Podcast

How to support young children's creativity

Pete Moorhouse, creative development, and how to make learning irresistible
Your hosts
Julia Rose and Matt Arnerich
Tiny Chair Podcast hosts, Julia and Matt, with guest, Pete Moorhouse
November 12, 2025
Episode length:
53
min.

In this episode, you’ll...

  • Hear how Pete accidentally go into the Early Years sector
  • Listen to why Pete avoids the factory line of products for parents
  • Discover the joy in clay, woodwork, and sewing
  • Be inspired to follow children's creative lead
  • Find out how to start implementing woodwork in your provision

This week’s guest

Pete Moorhouse
Pete Moorhouse
Early Years Creative Consultant

Pete is a professional sculptor, author, researcher, and trainer, and has a passion for creative education and woodwork in the Early Years. After working with a local nursery part-time, he fell for the Early Years and now runs Irresistible Learning, an Early Years Creative Consultancy. He is Chair of the Early Childhood Woodwork Association, and founder of the Big Bang Project, which advocates for woodwork provision in education.

For the watchers

For the listeners

Why support creativity in the Early Years?

Pete is passionate about creativity being crucial for children's development, especially in our rapidly changing world. It helps build problem-solving skills and critical thinking abilities. Nurturing creativity in young children establishes neural pathways for lifelong creative thinking.

Pete explains how directive teaching and standardised activities can hinder children's imagination and problem-solving abilities, while a lack of hands-on, open-ended experiences limits opportunities for creative exploration and sustained engagement.

In short, we should encourage and enable children to explore.

We have got a lot of challenges at the moment. I mean essentially we've got this new generation of children working their way through our settings who've essentially they've learned to swipe before they can walk. And I think we now know statistically the children's levels of focus and concentration are in decline. Their levels of physical development are in decline. I think even language and communication, there's evidence that that's in decline as well. So I think having really rich hands on experiences can certainly counter some of those aspects. I think that's part of the importance of learning through doing.

Pete Moorhouse, Early Years Creative Consultant

How can we support creativity in early childhood?

Pete recommends providing open-ended resources like:

  • Clay
  • Woodwork
  • Loose parts (like bottle tops or pebbles, for example)

The idea is that children express their ideas, without the restrictions of objects being used the "right" way. Pete believes that encouraging play and hands-on exploration helps develop children's creative and critical thinking skills and problem-solving abilities.

Educators should spend time observing how children learn as they explore and focus on supporting children's creative processes, rather than focusing solely on outcomes.

You think you're doing the most innovative forest school provision, but every child is making it exactly the same tree cookie.

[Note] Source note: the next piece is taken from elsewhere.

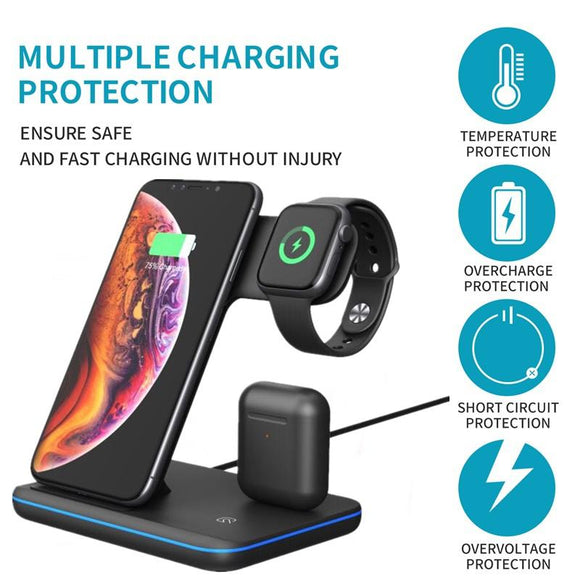 3 in 1 Apple Wireless Charging Dock For iPhone/Apple Watch/AirPods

Trying to give children more freedom to come up with their own ideas is just so important.

Pete Moorhouse, Early Years Creative Consultant

What are the benefits of woodworking in early childhood education?

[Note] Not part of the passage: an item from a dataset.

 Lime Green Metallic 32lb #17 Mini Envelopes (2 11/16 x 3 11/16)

Pete tells us that woodworking promotes skills across all areas of learning and development. For example:

  • High levels of sustained engagement
  • Physical and cognitive concentration
  • Hand-eye coordination and fine motor skills
  • Social and emotional development through a sense of self-confidence, agency, and pride in their creations.
  • Mathematical thinking
  • Communication and language skills

Pete goes on to explain how woodworking teaches valuable practical skills and sustainability concepts, as does clay and other renewable materials.

I'm a big advocate of children using clay, which can be completely sustainably used. After each session, you can rehydrate it, use it again. We've got blocks of clay that we've been using for a couple of year, without that waste. Bringing that mindset in more and more these days is very important.